If there were awards just for strength of spirit and indomitability in the face of a collapse of one’s universe of being, acid attack survivors would win them. At the trailer launch of Chhapak, on the life of survivor Laxmi Agarwal, Deepika Padukone broke down as this dawned on her. Director Meghna Gulzar then stepped in with words.
A luscious chocolate cake cut at Ranthambhore national park, that too with loved ones to share it with. If you smell a grand matriarch celebrating a milestone, you’re right. That’s Sharmila Tagore celebrating her 75th birthday, with her entire brood around her—flanked by daughters Soha and Saba Ali Khan, with Saif (shouldering Taimur), Kareena and Kunal Khemmu. A safari in an open jeep was knitted into the event—quite possibly the animals joined in for a bite of sight-seeing too!
The Miss Universe pageant was condemned for many things—covert front for the glamour and beauty products industry, as well as upholding Caucasian ideals of beauty. South Africa’s Zozibini Tunzi, though, is here in person to provide a corrrective—she’s the third African woman to win the crown. Can her chiselled person give other girls of colour the confidence of declaring themselves beauties anywhere on the planet? You bet it does, even if it involves shattering old mirrors to smithereens.
Here is a rhetorical question about fashion: Should anyone in the prime of their animal attraction ever wear puffy, shiny shoulders that narrow down, quite unaccountably, into tight sleeves, and still be allowed to claim to be a top setter of syles? Glaringly and coolly, Anoushka Sharma dares the very thing at an awards that celebrates ‘glamour and style’, picks up a trophy, and gets complimented by her fellow winner Alia (who wasn’t going to take any chance with this black and pink gown) for her ‘glamorous’ look. That would do it for all you who were likening it to a fencer’s white garb without the head gear, wouldn’t it? Admit it boys, good fashion is often what the fashionable wear on a whim.

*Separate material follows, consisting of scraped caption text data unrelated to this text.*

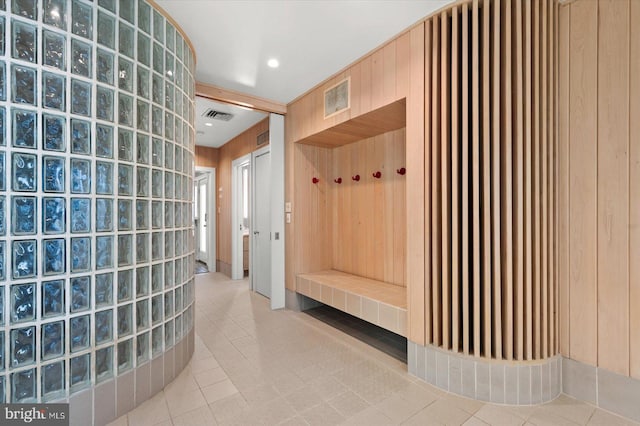 mudroom featuring tile flooring and wood walls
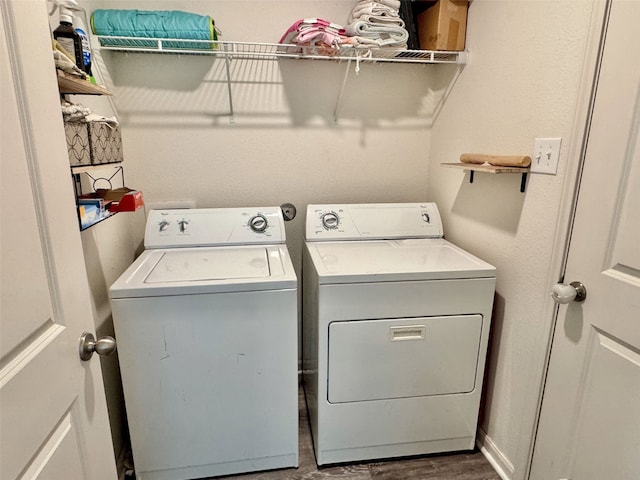 laundry area with laundry area, dark wood-type flooring, and washer and dryer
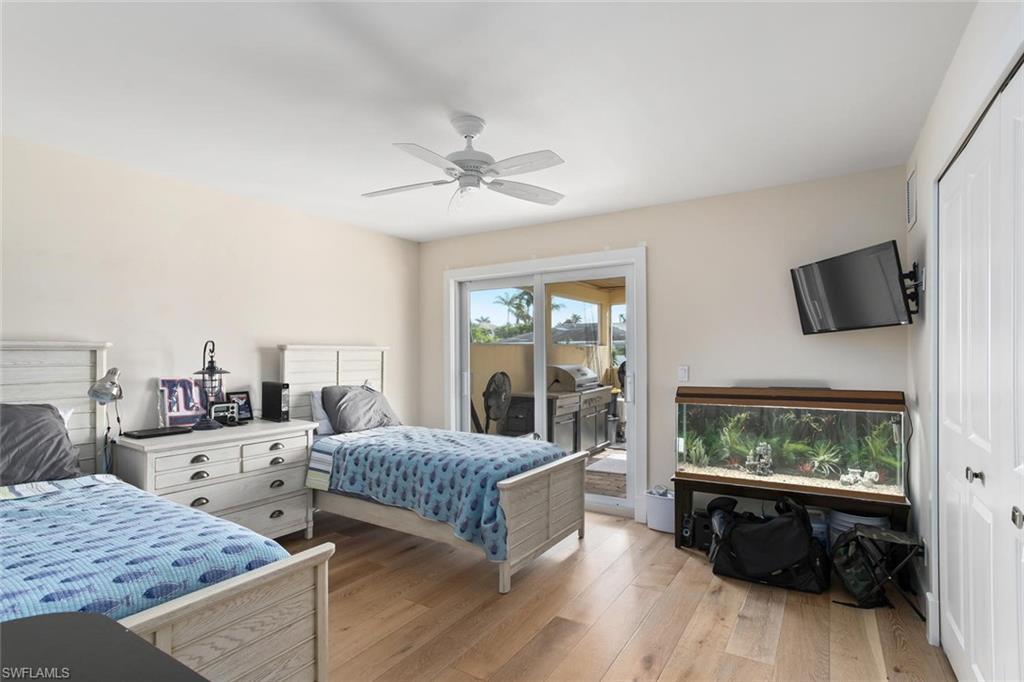 2155 Tarpon Road Naples, FL 34102 - Photo 15 of 24 a living room with furniture and a flat screen tv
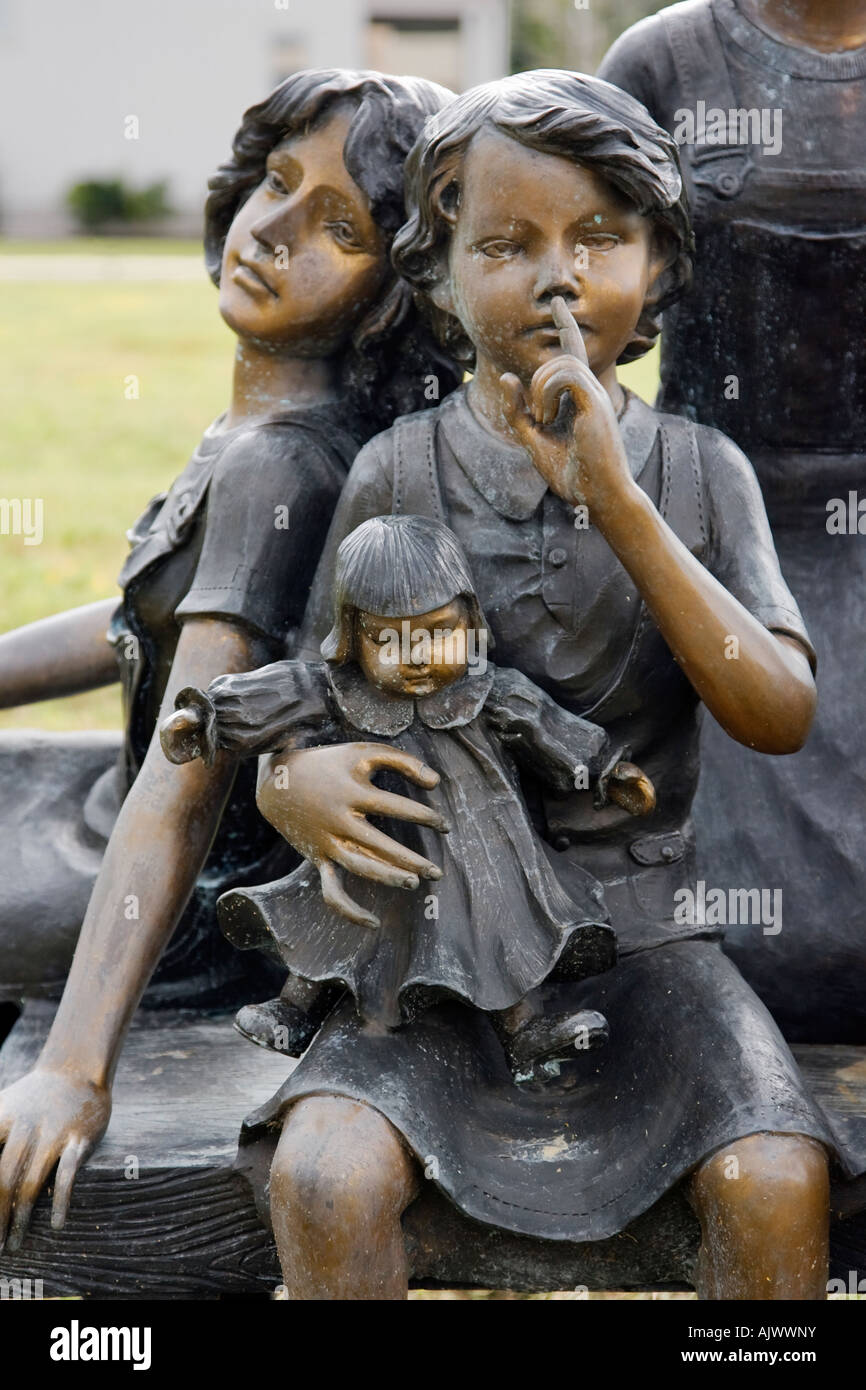 Bronze Statue Of Young Girls Sitting On Bench Together Stock Photo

During the high noon of film modernism in the early ’60s, no one projected the meaningless blank verse festering at the heart of Europe’s post-war material success as Michelangelo Antonioni. Through his trilogy L’Avventura (1960), La Notte (’61) and L’Eclisse (’62), as well as Red Desert (’64), he held up for examination the meaninglessless that plagued Europe’s beautiful children—the corrosive malaise gnawing at the heart of their acts of work, play and love. The malleable instrument at his disposal was the stunning Monica Vitti (1933-). Mastroanni, Jeanne Moreau and Alain Delon might plumb the recesses of agony and despair, but the one true figure embodying the enervating soul of hectic excess was Vitti—blonde, windblown hair and all-seeing eyes mutely withstanding wind-tossed seas and emotions in turmoil, a hint of compassionate sense amidst all the incomprehensibility.